The title here sounds a wee bit pessimistic, huh? But it isn't. (Mostly, it isn't.)
I was out to breakfast with a writing friend who was feeling meh about her various works-in-progress. She has fond memories of writing a particular book and longs to experience that joyful writing experience again. I was, alas, a jerk-face who assured her that those easy writing experiences are rare for most of us. In general, writing a novel is a brutal slog whose reward is being finished. Except you're never finished because the book is never, ever, ever perfect. Because writers are human, and humans are staggeringly imperfect, and so the writing of that amazing idea in your head is flawed from the get-go. I told her, "To write it is to ruin it." And I was so struck by my own brilliance that I scrambled for my notebook and jotted down that line.
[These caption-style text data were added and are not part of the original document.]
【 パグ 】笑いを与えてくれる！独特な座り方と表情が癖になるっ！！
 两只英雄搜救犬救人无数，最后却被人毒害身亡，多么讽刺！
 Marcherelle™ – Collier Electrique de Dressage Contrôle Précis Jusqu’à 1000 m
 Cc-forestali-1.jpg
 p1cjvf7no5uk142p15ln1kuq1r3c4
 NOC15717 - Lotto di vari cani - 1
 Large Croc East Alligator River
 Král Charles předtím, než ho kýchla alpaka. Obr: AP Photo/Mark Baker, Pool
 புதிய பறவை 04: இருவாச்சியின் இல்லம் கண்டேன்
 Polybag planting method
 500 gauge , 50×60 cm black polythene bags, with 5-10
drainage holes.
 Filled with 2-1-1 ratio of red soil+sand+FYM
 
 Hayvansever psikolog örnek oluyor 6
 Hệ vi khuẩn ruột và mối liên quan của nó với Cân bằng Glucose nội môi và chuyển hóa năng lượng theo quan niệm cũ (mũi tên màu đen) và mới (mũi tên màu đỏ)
To write it is to ruin it.
No matter how fantastic your story idea is, you are going to ruin it with your horrible trash-words and clumsy plotting and human-characters-who-aren't-fully-human-because-they-have-been-reduced-to-paper-and-ink. All you can do is try to make the story as good as you, a mere human, can get it.
It's oddly liberating, isn't it? I found myself giddy at the thought, like George Bailey joyfully shouting, "My mouth's bleeding, Bert! My mouth's bleeding!" in It's a Wonderful Life when he realizes that he exists again. He's so happy to be alive that getting punched in the face and looking at a possible jail sentence are cause for celebration.